ISLAMABAD: Despite a review request by the Ministry of Finance, the Senate’s Standing Committee on Finance and Revenue on Friday rejected the draft law to arrest suspects of money laundering without arrest warrant.
The finance ministry needed this law to meet the conditions of the Financial Action Task Force (FATF).
The draft law that was approved by the National Assembly and its standing committee but was objected by the upper house’s committee, saying that it would give extraordinary power to Federal Investigation Agency (FIA) to arrest anyone without any notice and arrest warrant.
However, after recommending a few changes, the Senate committee, chaired by Senator Farooq H Naik, approved the Anti-Money Laundering Bill 2019.
Earlier, Financial Monitoring Unit (FMU) Director General Mansoor Siddique briefed the committee on the proposed bill. He said that the government has proposed to attach for one year the properties of those people who had charges of money laundering.
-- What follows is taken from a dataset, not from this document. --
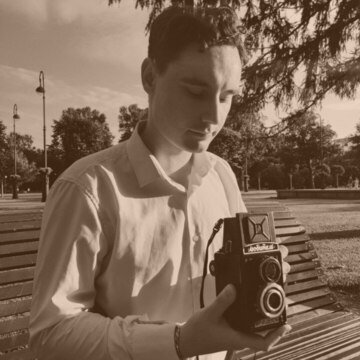 Роман Евгеньевич Балбеко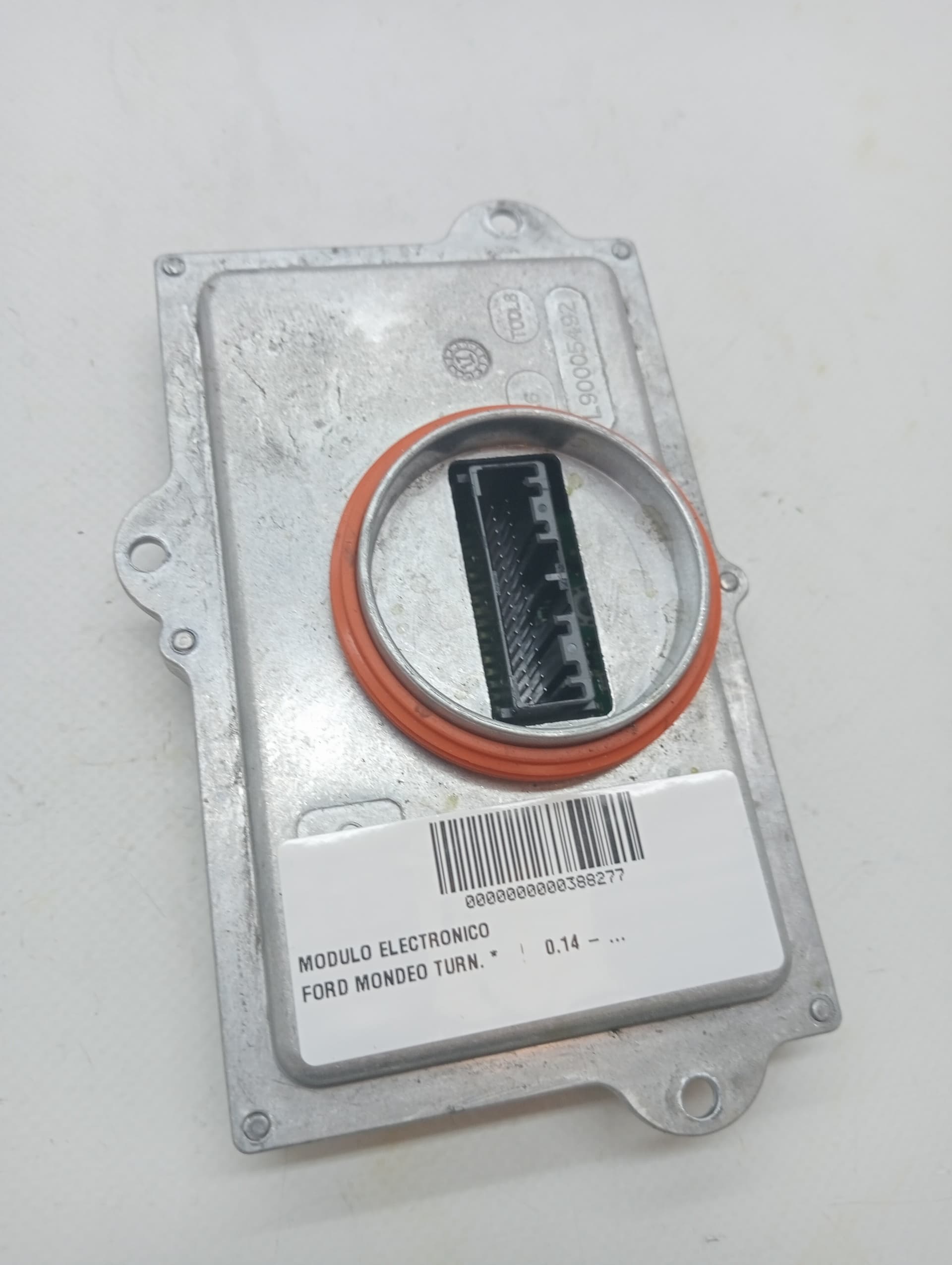 Modulo electronico FORD MONDEO TURN.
The parliamentary panel approved the proposal to attach properties for six months to one year during investigations.
Taking another major decision, the Senate committee approved the initial investigation into money laundering cases by the FMU instead of other law enforcement agencies like FIA and police.
The committee further approved a 10-year sentence for money laundering, against the existing punishment of one to 10 years, besides a penalty of Rs10 million. The committee, in its previous meeting, had decided to keep the imprisonment term unchanged at 1-10 years and approved an increase in the fine amount from Rs1 million to Rs5 million.
The senators had disagreed with the impression from the government side that these amendments would strengthen its position before the FATF. They remarked that these issues could easily be settled with a better exchange of information among the financial institutions and improved governance.